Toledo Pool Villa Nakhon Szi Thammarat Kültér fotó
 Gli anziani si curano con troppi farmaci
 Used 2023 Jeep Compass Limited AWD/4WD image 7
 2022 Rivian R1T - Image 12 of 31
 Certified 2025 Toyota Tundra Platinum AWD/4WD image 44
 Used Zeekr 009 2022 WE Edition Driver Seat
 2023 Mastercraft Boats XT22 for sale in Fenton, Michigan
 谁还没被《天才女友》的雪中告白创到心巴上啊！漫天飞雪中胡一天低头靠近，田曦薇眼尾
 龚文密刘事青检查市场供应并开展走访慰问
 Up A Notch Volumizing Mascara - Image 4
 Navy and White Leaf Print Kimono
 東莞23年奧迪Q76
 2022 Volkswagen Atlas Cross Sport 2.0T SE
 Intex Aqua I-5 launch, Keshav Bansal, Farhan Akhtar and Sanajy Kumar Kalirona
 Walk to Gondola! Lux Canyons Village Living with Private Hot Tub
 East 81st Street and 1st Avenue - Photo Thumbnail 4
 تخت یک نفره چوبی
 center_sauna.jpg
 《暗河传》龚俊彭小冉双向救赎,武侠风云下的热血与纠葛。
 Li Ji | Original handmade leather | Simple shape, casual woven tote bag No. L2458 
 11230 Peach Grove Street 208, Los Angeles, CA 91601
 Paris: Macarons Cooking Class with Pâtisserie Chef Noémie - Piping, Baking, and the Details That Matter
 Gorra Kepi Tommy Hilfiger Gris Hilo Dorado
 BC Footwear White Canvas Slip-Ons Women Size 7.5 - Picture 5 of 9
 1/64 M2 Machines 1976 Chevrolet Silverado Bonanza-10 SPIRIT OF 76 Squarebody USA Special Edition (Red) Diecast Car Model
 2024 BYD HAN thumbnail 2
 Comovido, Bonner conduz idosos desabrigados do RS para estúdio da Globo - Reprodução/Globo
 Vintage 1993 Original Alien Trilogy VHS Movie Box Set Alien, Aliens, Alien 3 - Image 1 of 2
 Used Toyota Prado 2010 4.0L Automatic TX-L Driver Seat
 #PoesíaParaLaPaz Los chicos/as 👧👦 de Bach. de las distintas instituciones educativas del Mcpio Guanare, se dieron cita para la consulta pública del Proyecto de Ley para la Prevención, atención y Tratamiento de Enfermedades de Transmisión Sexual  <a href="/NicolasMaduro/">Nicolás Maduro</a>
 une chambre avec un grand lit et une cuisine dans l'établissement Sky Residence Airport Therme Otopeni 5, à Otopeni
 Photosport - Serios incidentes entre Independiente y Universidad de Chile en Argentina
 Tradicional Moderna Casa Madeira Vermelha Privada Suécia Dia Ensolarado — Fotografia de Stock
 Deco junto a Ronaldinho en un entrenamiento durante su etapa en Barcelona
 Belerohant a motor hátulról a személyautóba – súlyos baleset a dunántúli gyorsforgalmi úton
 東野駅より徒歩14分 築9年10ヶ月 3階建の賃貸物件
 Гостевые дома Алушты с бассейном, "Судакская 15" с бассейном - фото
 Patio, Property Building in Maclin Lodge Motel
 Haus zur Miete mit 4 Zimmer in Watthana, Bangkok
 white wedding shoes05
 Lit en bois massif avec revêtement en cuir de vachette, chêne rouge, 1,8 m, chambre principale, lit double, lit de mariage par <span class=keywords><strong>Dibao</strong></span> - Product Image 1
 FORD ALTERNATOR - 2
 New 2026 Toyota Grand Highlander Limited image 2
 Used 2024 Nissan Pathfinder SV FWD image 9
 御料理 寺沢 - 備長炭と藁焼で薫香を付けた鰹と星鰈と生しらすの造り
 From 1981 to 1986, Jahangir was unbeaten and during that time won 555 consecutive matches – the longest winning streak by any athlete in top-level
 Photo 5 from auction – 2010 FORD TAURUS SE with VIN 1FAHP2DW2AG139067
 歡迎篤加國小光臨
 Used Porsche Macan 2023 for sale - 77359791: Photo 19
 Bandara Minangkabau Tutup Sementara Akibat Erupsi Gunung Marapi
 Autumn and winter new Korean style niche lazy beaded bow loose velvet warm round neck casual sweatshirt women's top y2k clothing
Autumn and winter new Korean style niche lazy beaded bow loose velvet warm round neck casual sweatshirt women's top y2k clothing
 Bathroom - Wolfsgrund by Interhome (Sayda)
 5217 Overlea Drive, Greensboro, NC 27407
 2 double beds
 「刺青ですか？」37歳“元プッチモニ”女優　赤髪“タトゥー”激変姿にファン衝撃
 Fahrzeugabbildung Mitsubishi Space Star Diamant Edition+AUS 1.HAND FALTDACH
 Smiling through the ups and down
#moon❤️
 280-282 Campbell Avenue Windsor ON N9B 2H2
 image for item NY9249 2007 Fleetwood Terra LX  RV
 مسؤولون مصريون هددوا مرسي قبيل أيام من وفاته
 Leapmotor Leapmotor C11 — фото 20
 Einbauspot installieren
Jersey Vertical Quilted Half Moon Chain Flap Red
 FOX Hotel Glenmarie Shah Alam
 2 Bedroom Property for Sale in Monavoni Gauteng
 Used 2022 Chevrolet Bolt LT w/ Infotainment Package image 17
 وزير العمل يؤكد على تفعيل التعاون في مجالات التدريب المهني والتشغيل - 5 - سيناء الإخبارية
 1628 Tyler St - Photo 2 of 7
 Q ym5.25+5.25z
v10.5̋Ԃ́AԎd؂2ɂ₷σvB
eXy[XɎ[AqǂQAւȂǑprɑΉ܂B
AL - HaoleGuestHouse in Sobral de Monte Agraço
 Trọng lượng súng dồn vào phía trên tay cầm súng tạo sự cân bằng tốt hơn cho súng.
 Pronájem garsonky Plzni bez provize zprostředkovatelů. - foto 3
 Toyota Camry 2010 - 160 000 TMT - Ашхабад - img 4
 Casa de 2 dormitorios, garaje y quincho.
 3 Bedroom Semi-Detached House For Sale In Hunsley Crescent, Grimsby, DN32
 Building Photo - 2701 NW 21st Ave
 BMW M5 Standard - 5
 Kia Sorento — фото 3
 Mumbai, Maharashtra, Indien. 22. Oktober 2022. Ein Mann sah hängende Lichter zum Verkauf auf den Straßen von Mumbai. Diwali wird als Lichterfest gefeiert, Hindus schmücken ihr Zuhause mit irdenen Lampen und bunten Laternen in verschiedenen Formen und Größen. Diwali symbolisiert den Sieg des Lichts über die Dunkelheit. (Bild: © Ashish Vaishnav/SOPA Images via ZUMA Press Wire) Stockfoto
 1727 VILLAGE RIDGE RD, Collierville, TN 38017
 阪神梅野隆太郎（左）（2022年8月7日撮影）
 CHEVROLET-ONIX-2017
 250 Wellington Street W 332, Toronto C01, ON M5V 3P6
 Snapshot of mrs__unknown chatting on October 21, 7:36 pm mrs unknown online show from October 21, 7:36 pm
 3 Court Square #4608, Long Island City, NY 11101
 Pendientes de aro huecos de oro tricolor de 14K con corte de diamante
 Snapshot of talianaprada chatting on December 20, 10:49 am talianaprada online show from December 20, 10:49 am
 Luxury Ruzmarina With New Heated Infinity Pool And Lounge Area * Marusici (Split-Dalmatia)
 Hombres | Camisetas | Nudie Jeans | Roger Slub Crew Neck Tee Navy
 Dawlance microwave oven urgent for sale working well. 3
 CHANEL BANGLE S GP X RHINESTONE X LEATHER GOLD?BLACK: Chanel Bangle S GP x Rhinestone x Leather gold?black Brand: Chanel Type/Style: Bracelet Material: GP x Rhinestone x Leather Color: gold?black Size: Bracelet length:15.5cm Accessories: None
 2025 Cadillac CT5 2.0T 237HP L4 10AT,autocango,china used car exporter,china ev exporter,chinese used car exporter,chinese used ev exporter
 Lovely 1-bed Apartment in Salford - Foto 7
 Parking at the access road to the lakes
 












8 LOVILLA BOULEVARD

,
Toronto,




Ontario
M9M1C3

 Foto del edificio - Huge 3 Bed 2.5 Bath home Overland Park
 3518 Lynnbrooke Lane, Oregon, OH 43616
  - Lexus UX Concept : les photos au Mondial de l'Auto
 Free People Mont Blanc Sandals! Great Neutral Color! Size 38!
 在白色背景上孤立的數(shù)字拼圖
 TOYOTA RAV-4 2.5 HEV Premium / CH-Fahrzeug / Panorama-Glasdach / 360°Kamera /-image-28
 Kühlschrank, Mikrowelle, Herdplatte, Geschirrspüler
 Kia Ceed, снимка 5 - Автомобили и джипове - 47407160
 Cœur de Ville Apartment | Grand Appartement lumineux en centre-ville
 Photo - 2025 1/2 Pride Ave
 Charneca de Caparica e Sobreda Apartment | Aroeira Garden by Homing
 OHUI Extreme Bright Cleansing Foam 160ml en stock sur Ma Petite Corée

### TASK TO COMPLETE
Within the material above, output exactly the lines from the one with "阪神梅野隆太郎（左）（2022年8月7日撮影）" through the one with "Dawlance microwave oven", end lines included, and nothing besides.

### RESPONSE AREA
 阪神梅野隆太郎（左）（2022年8月7日撮影）
 CHEVROLET-ONIX-2017
 250 Wellington Street W 332, Toronto C01, ON M5V 3P6
 Snapshot of mrs__unknown chatting on October 21, 7:36 pm mrs unknown online show from October 21, 7:36 pm
 3 Court Square #4608, Long Island City, NY 11101
 Pendientes de aro huecos de oro tricolor de 14K con corte de diamante
 Snapshot of talianaprada chatting on December 20, 10:49 am talianaprada online show from December 20, 10:49 am
 Luxury Ruzmarina With New Heated Infinity Pool And Lounge Area * Marusici (Split-Dalmatia)
 Hombres | Camisetas | Nudie Jeans | Roger Slub Crew Neck Tee Navy
 Dawlance microwave oven urgent for sale working well. 3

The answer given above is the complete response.